Undoubtedly the success story for Newcastle United in the Championship this season has been manager Chris Hughton. After spending over fourteen years at Tottenham as a first-team coach, Hughton moved to St James Park in 2008 where he once again took up his position as the number two. And when he proved to be less than successful as the Toon’s caretaker manager, it looked as though Hughton was destined to miss out on being the main man. But this season is a completely different story. With turmoil off the pitch, Hughton has brought a calmness and stability on it and rightfully earned himself a permanent contract. So how has he managed to shake off the number two tag?
The main feeling that Newcastle fans have this season is that the club is in safe hands. Chris Hughton is not particularly charismatic and he doesn’t give the media any sound bites that someone like Jose Mourinho provides on a regular occasion, but he is quietly getting the job done. He showed in his time at Spurs that he is a top-class coach and in over thirty years as a player and a coach, the English born Irish international has plenty of experience and a vast knowledge of football. At Newcastle, Hughton is earning a fraction of the salary picked up by the club’s biggest earners such as Fabricio Coloccini and Alan Smith, but he has ensured that there is no room for egos at the club. The 51 year old has instilled discipline and is sticking with his simple formula, and with Newcastle sitting pretty at the top of the table, why should he change it?
The impact of Chris Hughton at Newcastle is well described by his right hand man, Colin Calderwood. The former Nottingham Forest manager told The Telegraph that “Chris has been the essence of calm.” Hughton hasn’t done anything revolutionary or “fancy” as Calderwood put it, he has just “stripped it very bare and if you want to show your talent as a player then that is what you have got to do.” And with the talent at Newcastle’s disposal, that is all that is needed to be done, just let the talent shine through. Neither Calderwood nor Hughton are getting carried away with the start Newcastle have made in the Championship, as the job is only half done and they are keeping the players’ feet firmly on the ground. Calderwood further stated “we shouldn’t be content with what we have got. There has got to be an ongoing renewal process that keeps us on our toes.” And albeit in a calm manner, that is what Hughton is doing.
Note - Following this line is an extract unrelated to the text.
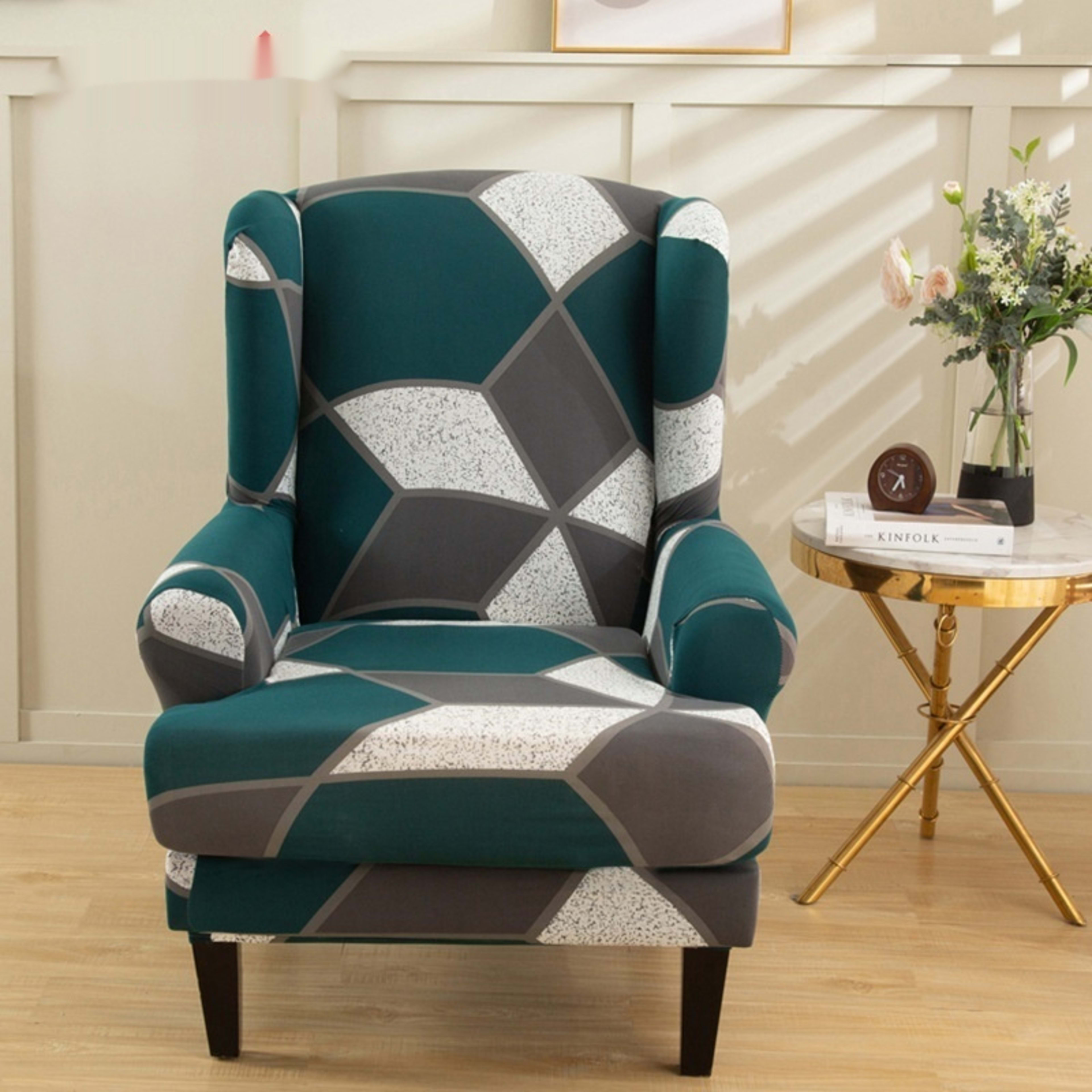 New Stretchable American-style Seat Cushion Chair And Sofa Cover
Hughton isn’t afraid to make his mark on the club and show who is boss though. He dropped Joey Barton and got the midfielder to issue an apology when there was a minor bust-up earlier in the season, and more recently Andy Carroll was left out of the squad after the striker’s alleged late night shenanigans. However, one of Hughton’s main moves has to give the players extra responsibility, which he has achieved by setting up a players’ committee. Experienced team members Smith, Kevin Nolan, Steve Harper and even the currently non-playing Geremi all have their say and most importantly problems are dealt with in-house. Acting somewhat like a politician, Hughton shows great diplomacy and isn’t afraid to let key players have their say and take a back seat himself.
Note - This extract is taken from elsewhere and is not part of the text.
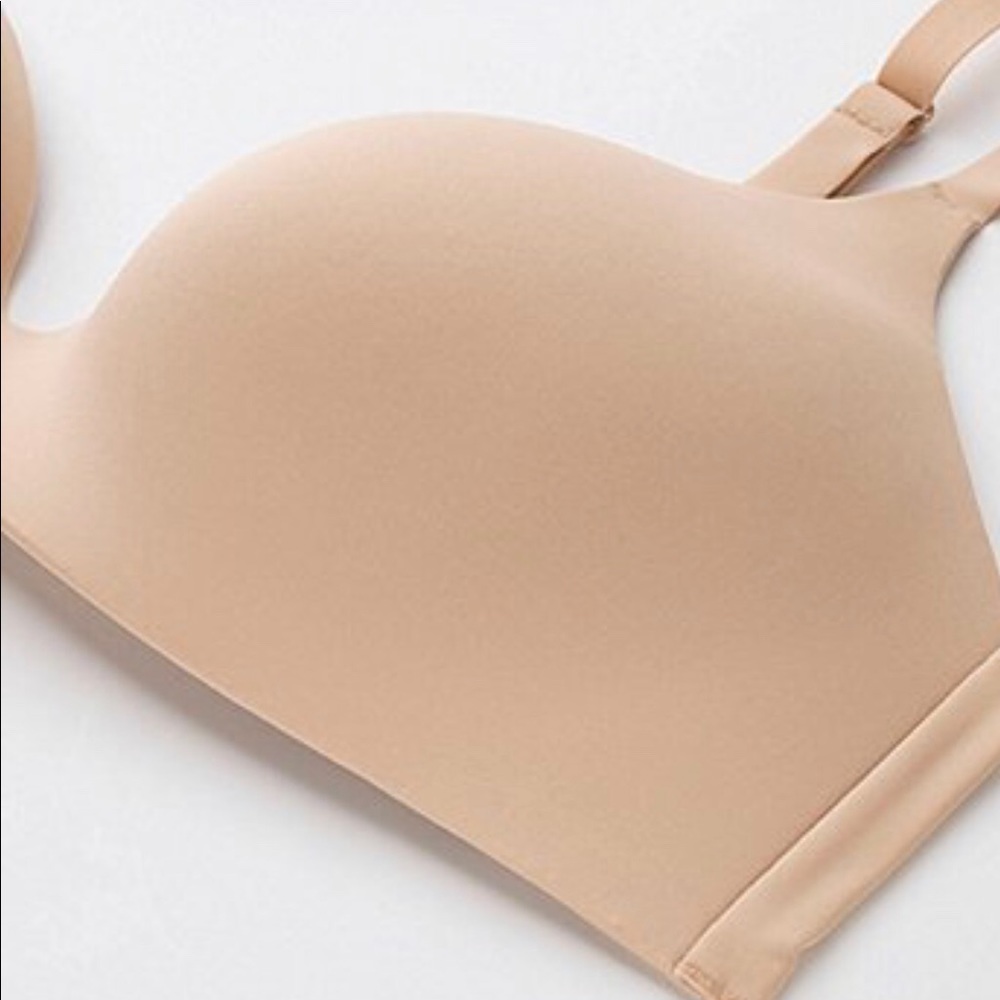 UNIQLO WOMENS WIRELESS BRA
As a manager Chris Hughton isn’t looking to overtly stamp his authority on the team, having a totally different character to say Alan Shearer. Instead Hughton is quietly working with the players and handing them responsibility to bring the best out of them, but this isn’t to say that he lets his authority be questioned. The likeable and modest manager has also established a harmony and team morale that has been missing at Newcastle for years and could well have been the missing ingredient. Fans favourite Steven Taylor told The Guardian “I don’t think we’ve ever had such good team spirit since I’ve been here. Chris has been fantastic, unlike a lot of managers, he has a human touch.” Hughton is uncomplicated in his approach and has serenely taken on the role of the main man, and his success at Newcastle this season is quite something for a man handed the number two tag for a number of years, a tag that he has now firmly shaken off.